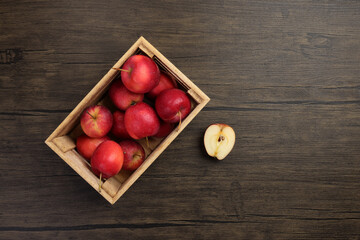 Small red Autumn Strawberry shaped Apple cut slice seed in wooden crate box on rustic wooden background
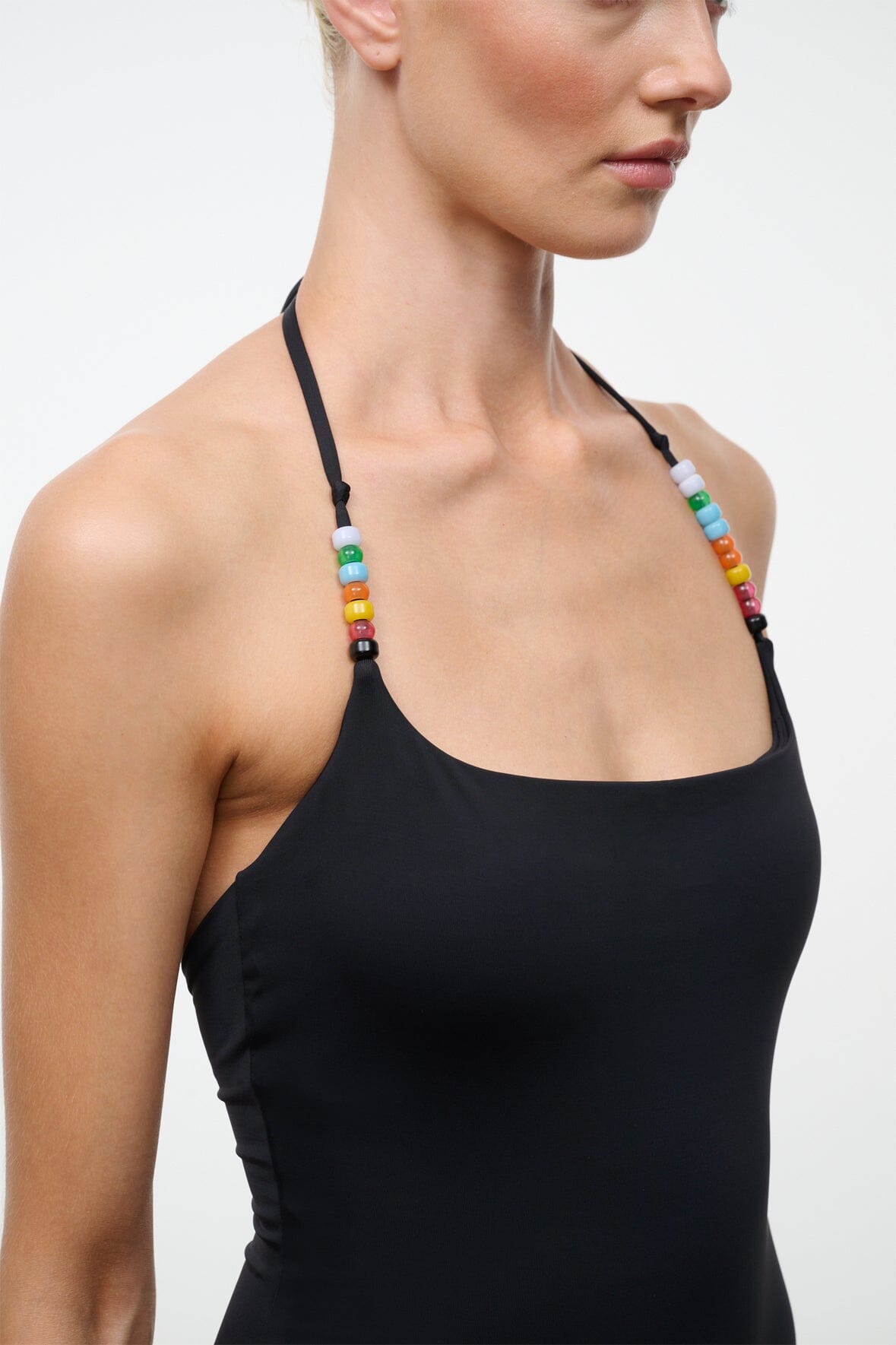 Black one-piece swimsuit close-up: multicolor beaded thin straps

==

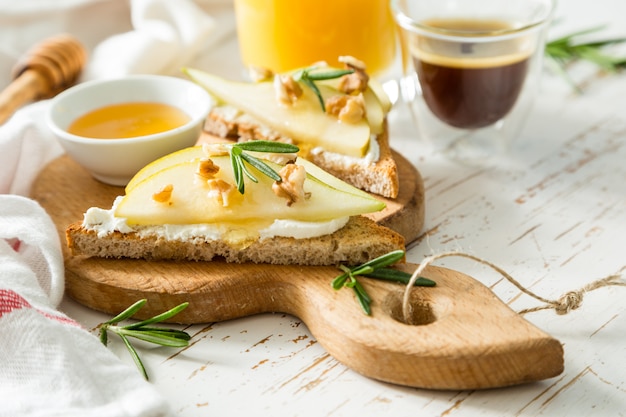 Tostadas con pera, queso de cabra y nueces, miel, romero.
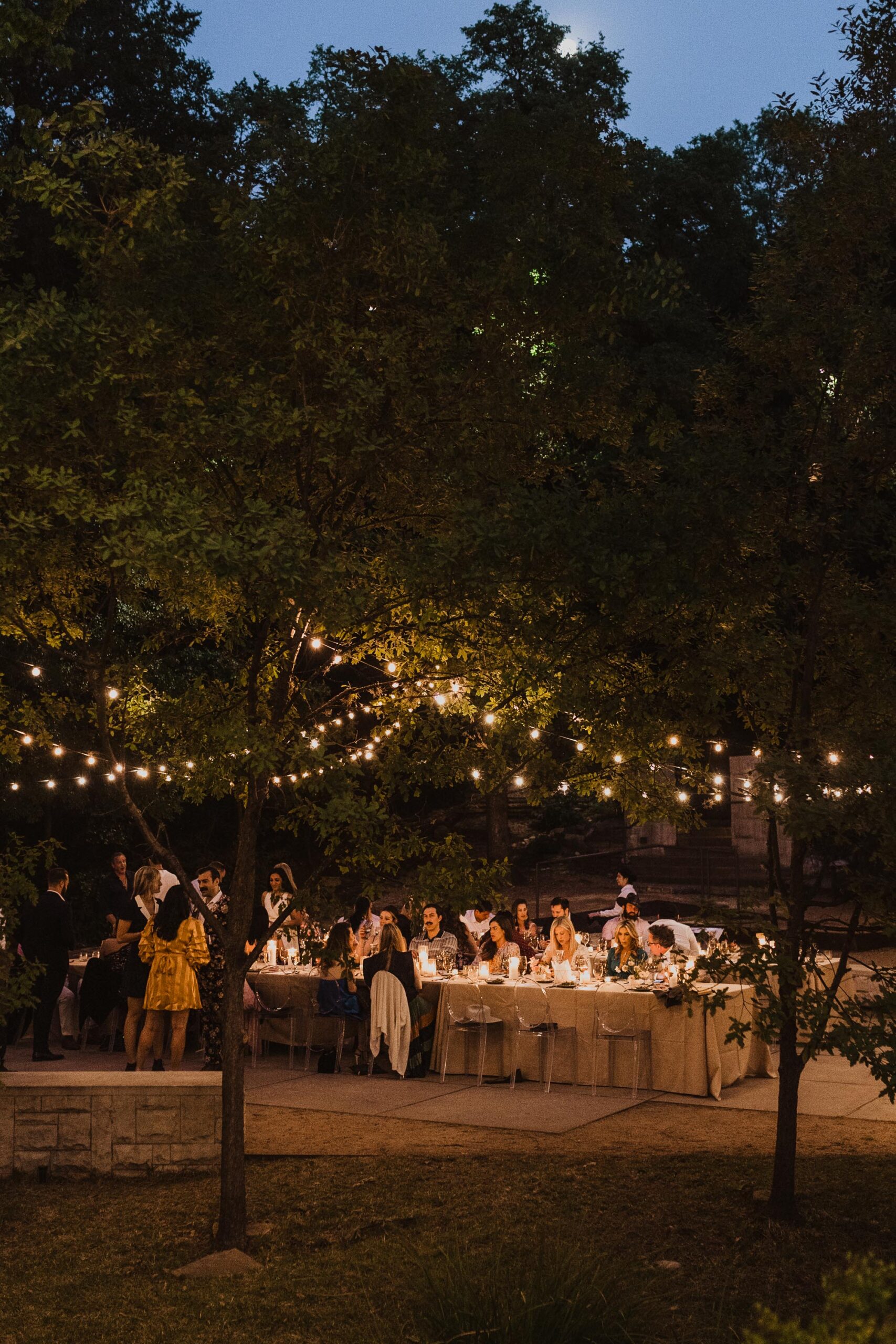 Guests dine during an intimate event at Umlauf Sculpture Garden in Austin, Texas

> **What is needed**
Set down exactly the lines above, from the line containing "Small red Autumn" through the line containing "Black one-piece swimsuit". Skip the pictures.

> **Task result**
 Small red Autumn Strawberry shaped Apple cut slice seed in wooden crate box on rustic wooden background
 Black one-piece swimsuit close-up: multicolor beaded thin straps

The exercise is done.